What Are Fat Tails?¶

Here we discuss some of the theoretical underpinnings of fat-tail distributions, informed mainly by Nassim Taleb in SCOFT.

Thin vs. Fat¶

Probabliity distributions range from thin-tailed to fat-tailed. Taleb formally defines a fat-tailed distribution as a distribution where the tail events dominate its characteristics and impacts. Others refer to this root class as “heavy” tails, reserving “fat” tails for the most dramatic subset.

Taleb suggests “subexponential” distributions as the borderline between thin and fat tails, which are defined in terms of the slope of their survival functions in the tails: + the slope of thin-tailed survivial functions (such as the Guassian) decay exponentially towards $\infty$, usually towards some upper bound evident on a log-log plot. + the slope of heavy-tailed survival functions decay at a rate slower than exponential, at a minimum, with the more dramatic fat tails decaying linearily (or not decaying at all). + Subexponential distributions will have a kurtosis > 3 (kurtosis of Gaussian)

The Borderline Sigmoid¶

Taleb defines the borderline distribution between thin and fat where the ratio of the power over the root is 1 for a two-tailed distribution:

\[\lim\limits_{x\to+\infty}\frac{F(x)^n}{F(nx)} = 1\]

A sample of such a distribution is suggested as:

\[\begin{split}F(x) = \frac{1}{2}(1 - tanh(kx)), k > 0 \\ f(x) = \frac{1}{2}ksech^2(kx)\end{split}\]

The kurtosis of the above distribution is 4.2, which is greater than 3 (the kurtosis of the standard Gaussian), and so it has slightly fatter tails.

This distribution is available in the package as BLineSigmoid. In the figure below, we can see the slightest difference in the head, shoulders, and tail versus the Gaussian.

[2]:

import numpy as np
import scipy.stats as scist
import matplotlib.pyplot as plt

import phat as ph

k = 1
x = np.linspace(0,4,100)
bline = ph.dists.BLineSig(k)
norm = scist.norm(scale=bline.var())

fig, ax = plt.subplots(1,1,figsize=(10,6))
ax.plot(x, bline.pdf(x), label='Borderline Sigmoid')
ax.plot(x, norm.pdf(x) , label='Gaussian')

ax.set_ylabel('P(X=x)', loc='top', rotation='horizontal')
ax.set_xlabel('Log x', loc='right')

plt.legend()

ax.grid(False)
plt.show()

The Devil is in the Tails¶

So a distribution need only have kurtosis > 3 to be classified as fat-tailed (at least by Taleb). But we can further distinguish between fat tails by the change in slope of the tail as $n\to\infty$. This slope is referred to as the “tail index”, designated $\alpha$ by Taleb (and many other greeks by various others).

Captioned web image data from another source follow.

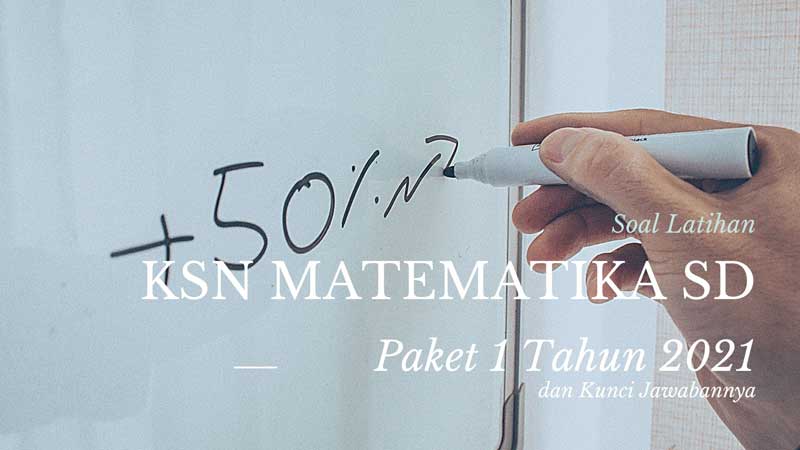 Soal Latihan Ksn Matematika Sd Paket 1 Tahun 2021 Dan Kunci Jawabannya Kurniasepta Com
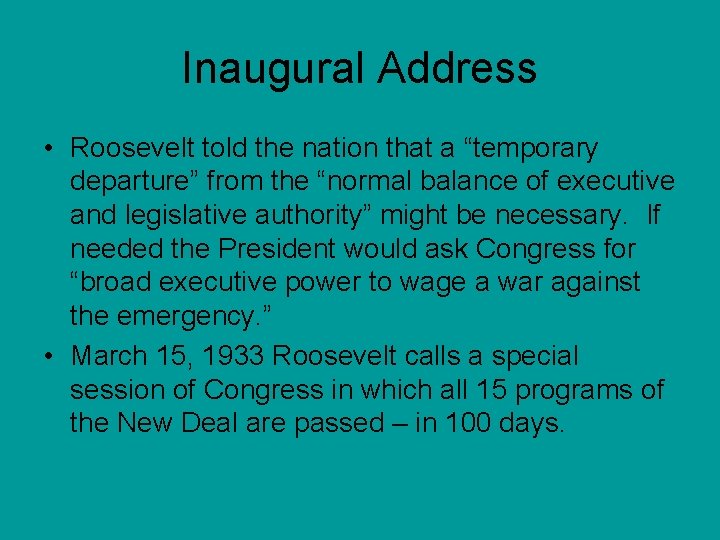 Inaugural Address • Roosevelt told the nation that a “temporary departure” from the “normal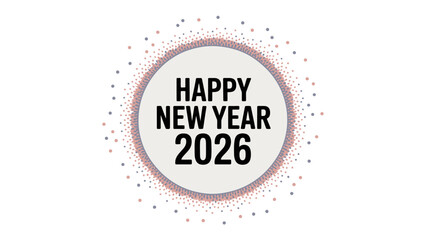 New Year 2026 Celebration: A festive circular design presents a Happy New Year 2026 message. A joyous scene celebrating the upcoming year with an elegant design.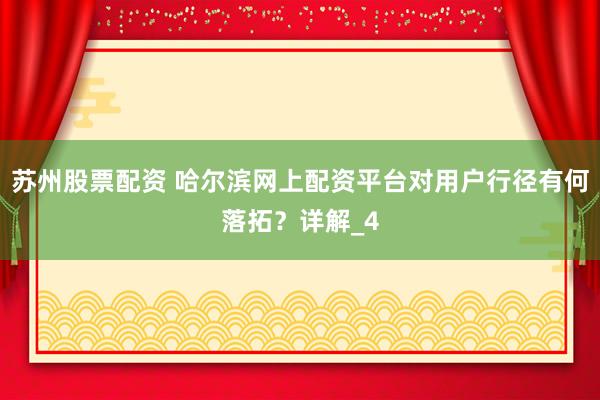 苏州股票配资 哈尔滨网上配资平台对用户行径有何落拓？详解_4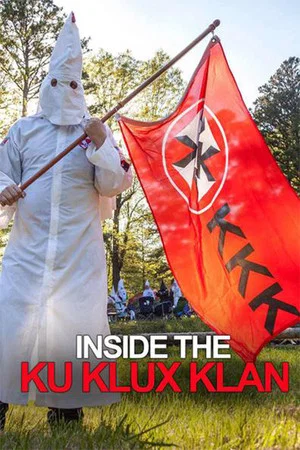 Постер: Inside the Ku Klux Klan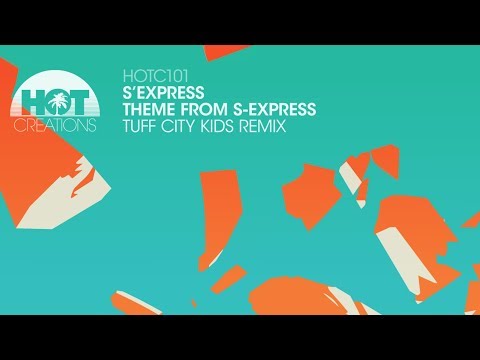 S'Express - Theme From S Express (Tuff City Kids Remix)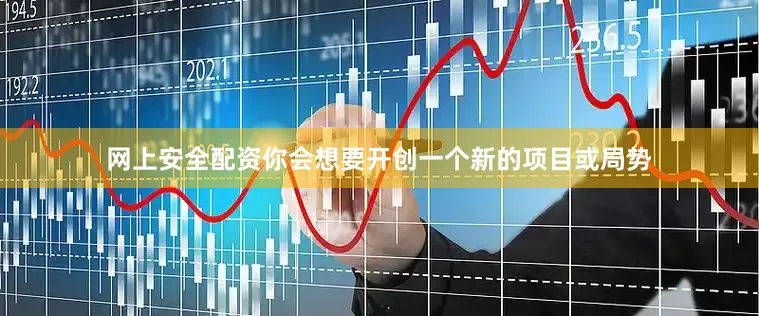 网上安全配资你会想要开创一个新的项目或局势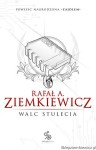 książka Walc Stulecia - wydanie II - kolekcjonerskie - oprawa miękka - Rafał A. Ziemkiewicz [AUTOGRAF]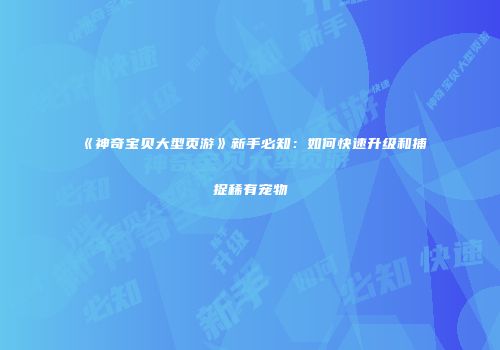 《神奇宝贝大型页游》新手必知：如何快速升级和捕捉稀有宠物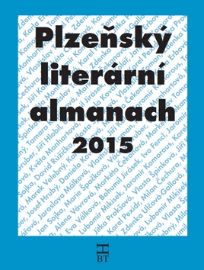 Plzeňský literární almanach 2015 - Milan Čechura,Daniela Kovářová,Zdenka Ulčová-Gallová,Eva Válková,Václav Gruber,Jitka Prokšová,Jan Sojka,Ivo Fencl,Jaroslava Málková,Markéta Čekanová,Tamara Kopřivová,Jaromír Komorous,Květa Monhartová,Vlasta Špinková,Alena Vávrová,Karla Erbová,Vlastislav Toman,Josef Hrubý,Karel Pexidr,David Růžička,Lubomír Mikisek,Bohumil Jirásek,Jiří Hlobil,Marie Špačková - Poezie a básně Plzeňský literární almanach 2015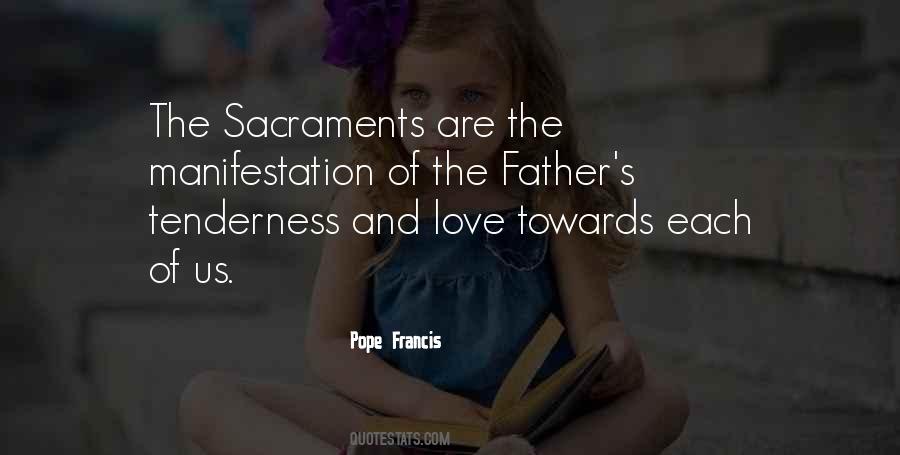 Quotes About The Sacraments #1025231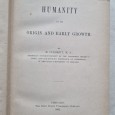 HUMANITY IN ITS ORIGIN AND EARLY GROWTH -1ª edição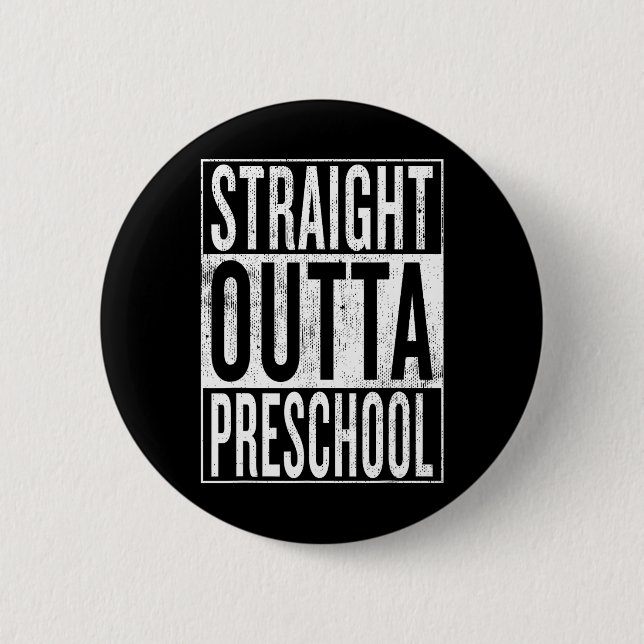 Outta Preschool Förskola Studenten Funny Coola Knapp (Framsida)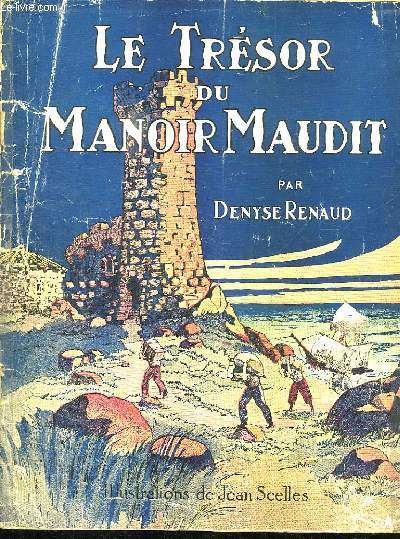 LE TRESOR DU MANOIR MAUDIT.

Thin tails such as the Gaussian have non-linear tails whose slopes decay towards infinity, i.e. $\alpha\to\infty$ as $n\to\infty$, meaning the distributions reach an effective maximum. At this level, E(X | X > x) = X, meaning there are no values $> x$ expected in the distribution.

The more dramatic fat tails tend to a non-zero, non-infinite slope, meaning they have no effective maximum. These include the Power Laws. The Power Laws also result in other strange characteristics such as undefined moments including undefined variance ($\alpha < 2$) and undefined mean ($\alpha < 1$).

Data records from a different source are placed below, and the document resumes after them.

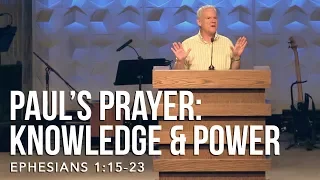 Ephesians 1:15-23, Paul’s Prayer: Knowledge And Power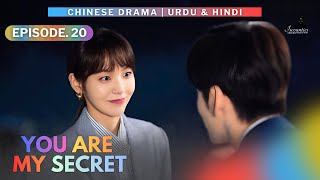 You Are My Secret - Episode 20 | Audio: Urdu & Hindi Dubbed - New C Drama | Karlina Zang - Miles Wei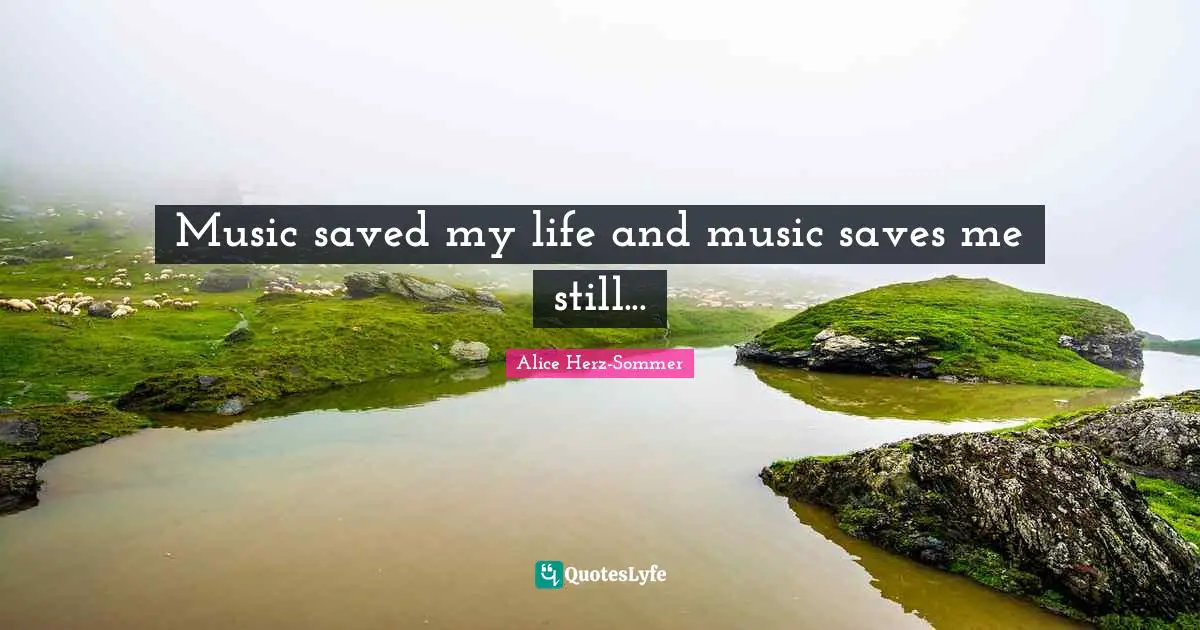 Save Quotes: "Music saved my life and music saves me still..."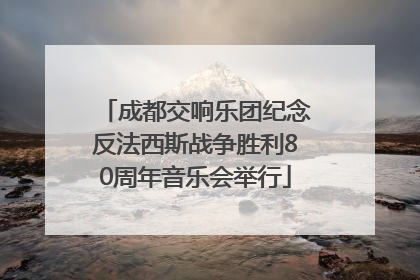 成都交响乐团纪念反法西斯战争胜利80周年音乐会举行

Below we show log-log scales of the Gaussian thin tail versus two subexponential distributions (each with tail index $\alpha = 3$).

the Lognormal, which is a fat tail masquerading as a power law and is revealed as an imposter at larger $x$.
the Student’s T, which is often used as a power law, though it only tends to one at larger $x$.

First, above, we see the PDF of the three distributions with the Gaussian evidencing exponential decay almost immediately, the lognormal decaying into the tails, and the T distribution becoming linear further into the tails. The Survival Function accentuates the difference.

Scale Invariance¶

The property of a linear slope in the tails of a distribution is known as “scale invariance” (again see SCOFT). It means that for a scalar increase in $x$, the probability of occurence decays at a constant rate. Thin-tailed and non-power law fat tails are “scale variant”, meaning that the probability of occurence decays at an increasing rate.

This is a remarkably powerful effect, as outcomes far out in the tails of power laws are orders of magnitude of orders of magnitude (not a typo) more likely. This is not to say that tail events will occur more often; instead it means that when tail events do occur, they will be much larger.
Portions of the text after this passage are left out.